Although it’s by and large just another school day, for a pilot there has to be something in transition. We eventually find out that Lindsay has been acting differently since the death of her grandmother. She’s less interested in being a mathlete, and more interested in becoming friends with a bunch of stoners. She’s also a defender of the weak, be it her brother or the token retarded kid.

The characters are three-dimensional and engaging. I can imagine getting to know them over the season would be a fun ride. And I must give the show kudos for bucking a stereotype for having a cheerleader who’s not a total bitch.

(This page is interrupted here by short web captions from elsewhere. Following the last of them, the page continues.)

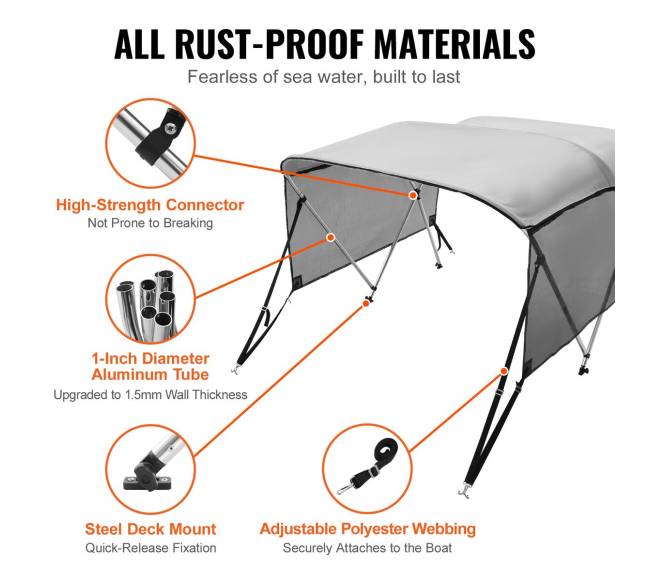 Trijų lankų Bimini valties priedanga4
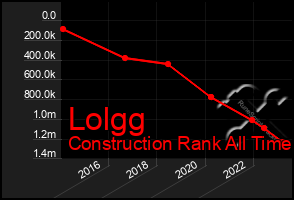 Total Graph of Lolgg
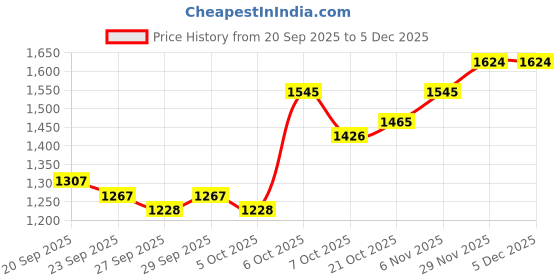 myntra.com Mast & Harbour Unisex Backpack mast & harbour Price History Graph from 20 Sep 2025 to 4 Dec 2025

This show has been lauded by fans for being cutting edge. Maybe it was. Today geeks are cool, and maybe this show paved the way. But really, the geeks aren’t even that geeky, compared to say, the cast of The Big Bang Theory. And it has a similar aesthetic to My So-Called Life, which debuted 5 years earlier. Other shows debuting in the fall of 1999 included Big Brother, Judging Amy, Law & Order: SVU, The West Wing, and Angel. Maybe Freaks & Geeks stood out by way of comparison to adult-centered dramas and reality shows. What is this show anyway, a comedy or a drama? At any rate, it didn’t last, but it did launch writer Judd Apatow and several successful acting careers.

Quotable line: “She’s a cheerleader. You’ve seen Star Wars 27 times. Do the math.”

How I Met Your Mother

It used to be that you watched a show if you happened to be home with nothing else to do on the right day at the right time. There was the VCR in the 80s, but how reliable was that? Now that shows are available on DVD, and can be easily recorded with DVR, and are often available online, there is no reason not to watch shows from beginning to end (if a show warrants it). We are aware of continuity among episodes. As a side note, prior to the 90s, did anyone know the titles of individual episodes of shows, or that episodes even had titles?

As a result I think that television producers and writers have become more concerned with season-long or even series-long plotlines. Rather than each episode being its own one-off story where everything goes back to normal at the end (a recurring joke on The Simpsons) things change from episode to episode. I would venture to say that Friends pioneered this concept for sitcoms. Perhaps CSI did it for dramas, although I cannot claim extensive knowledge of that show or its spinoffs.

But I digress… How I Met Your Mother has a clear story arc. It’s right in the title. I took notice of this show part-way through its second season and quickly recognized that it needed to be viewed from the beginning to be fully appreciated.

The pilot opens, in the year 2030, with a voice telling two uncomfortable looking teens on a sofa that it is about to regale them with the story of “how I met your mother.” So we figure, that’s what the pilot is going to be about. Boy meets girl. Boy goes on date with girl. Boy professes love for girl way too soon. So is she “your mother”? For that matter, is the narrator “your father”?

Toward the end, Ted (the aforementioned Boy) tells Robin (aforementioned Girl), “if some hypothetical woman were to bear with me through all this, I think I’d make a damn good husband.” So our heads are dancing with visions of what the future will hold for this 20-something, good-looking, idealistic New Yorker. In his longtime friends Marshall and Lily, who have just gotten engaged, we see the possibilities. And in his smooth-talking, suit-wearing wingman Barney, we see the opposite possibilities. But we have possibilities.

The episode ends with the narrator telling the kids, “That, kids, is the story of how I met your Aunt Robin.” Irritated teenager: “I thought this was the story of how you met mom!” Narrator: “Like I said, it’s a long story.” How could you not keep watching after that?